What you have to do
From the line containing "Stephen King Quotes: Teenagers" through the last line of the material, copy every line exactly, both ends inclusive; do not copy pictures.

Records for the task
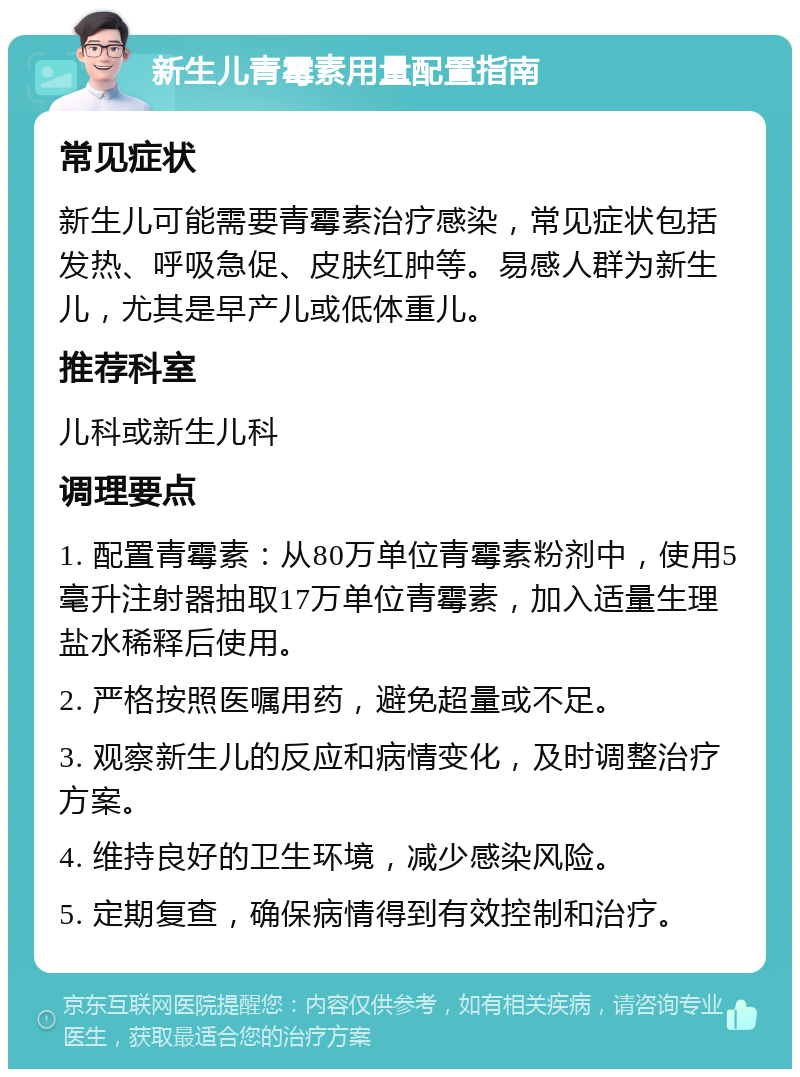 新生儿青霉素用量配置指南 常见症状 新生儿可能需要青霉素治疗感染，常见症状包括发热、呼吸急促、皮肤红肿等。易感人群为新生儿，尤其是早产儿或低体重儿。 推荐科室 儿科或新生儿科 调理要点 1. 配置青霉素：从80万单位青霉素粉剂中，使用5毫升注射器抽取17万单位青霉素，加入适量生理盐水稀释后使用。 2. 严格按照医嘱用药，避免超量或不足。 3. 观察新生儿的反应和病情变化，及时调整治疗方案。 4. 维持良好的卫生环境，减少感染风险。 5. 定期复查，确保病情得到有效控制和治疗。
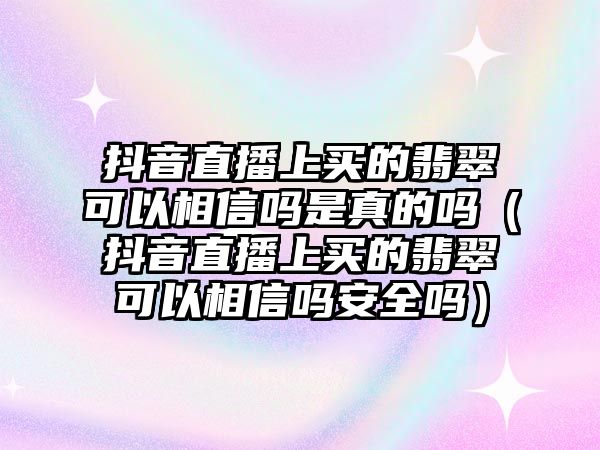 抖音直播上買的翡翠可以相信嗎是真的嗎（抖音直播上買的翡翠可以相信嗎安全嗎）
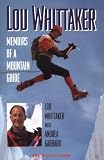 Lou Whittaker: Memoirs of a Mountain Guide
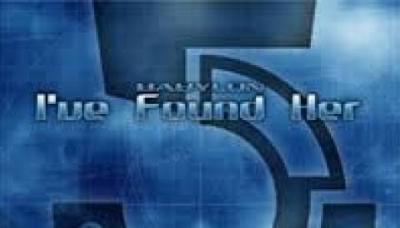 Babylon 5: I&#039;ve Found Her - Danger and Opportunity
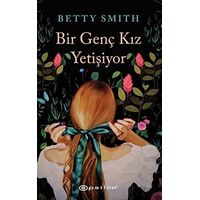 Bir Genç Kız Yetişiyor - Betty Smith - Epsilon Yayınevi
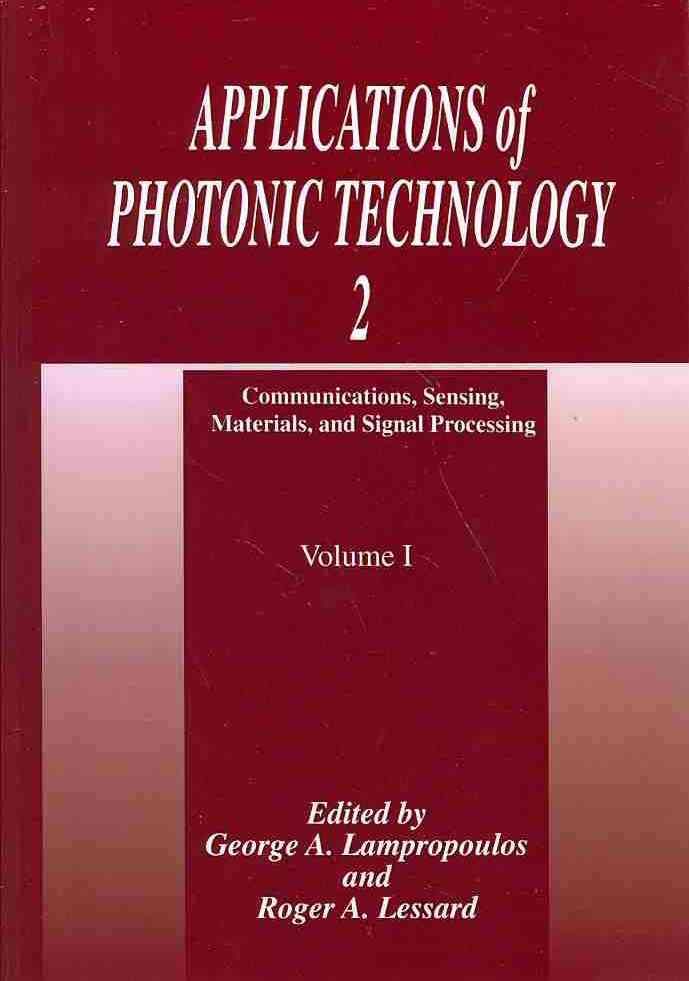 Applications of Photonic Technology 2 9781475792522 (Paperback)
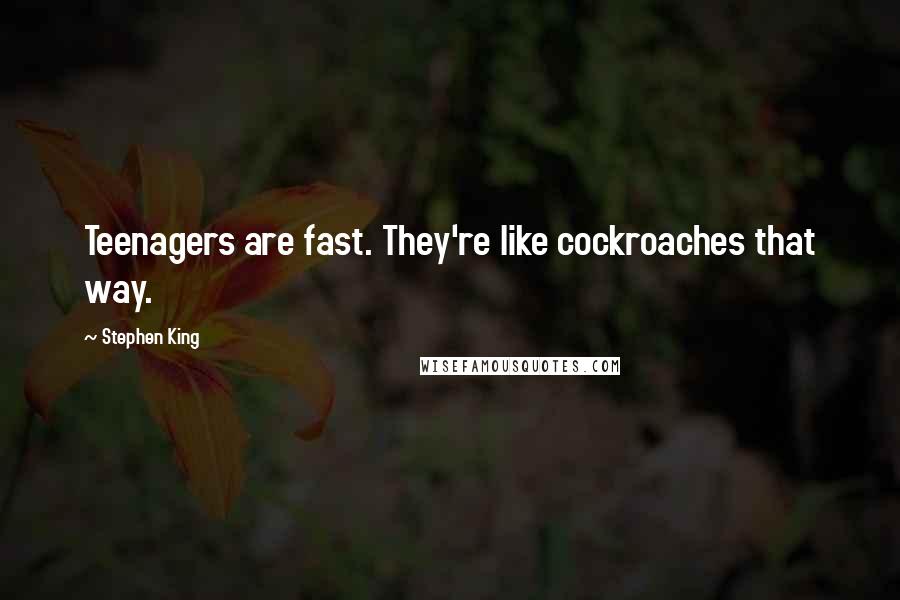 Stephen King Quotes: Teenagers are fast. They're like cockroaches that way.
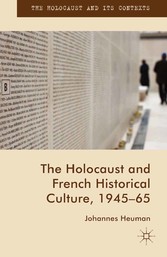 The Holocaust and French Historical Culture, 1945-65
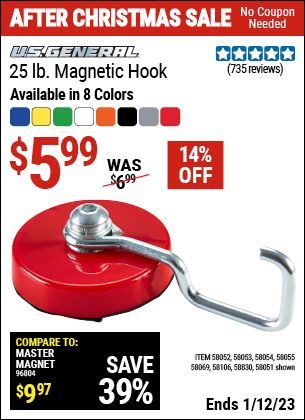 Buy the U.S. GENERAL 25 lb. Magnetic Hook (Item 58051/58052/58053/58054/58055/58069/58106/58830) for $5.99, valid through 1/12/2023.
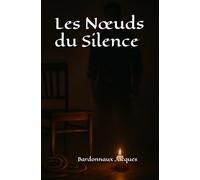 Les Nœuds du Silence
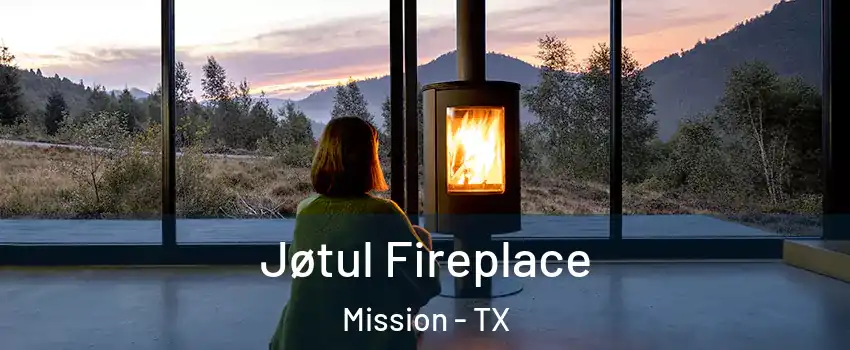  Jøtul Fireplace Mission - TX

Result
 Stephen King Quotes: Teenagers are fast. They're like cockroaches that way.
 The Holocaust and French Historical Culture, 1945-65
 Buy the U.S. GENERAL 25 lb. Magnetic Hook (Item 58051/58052/58053/58054/58055/58069/58106/58830) for $5.99, valid through 1/12/2023.
 Les Nœuds du Silence
  Jøtul Fireplace Mission - TX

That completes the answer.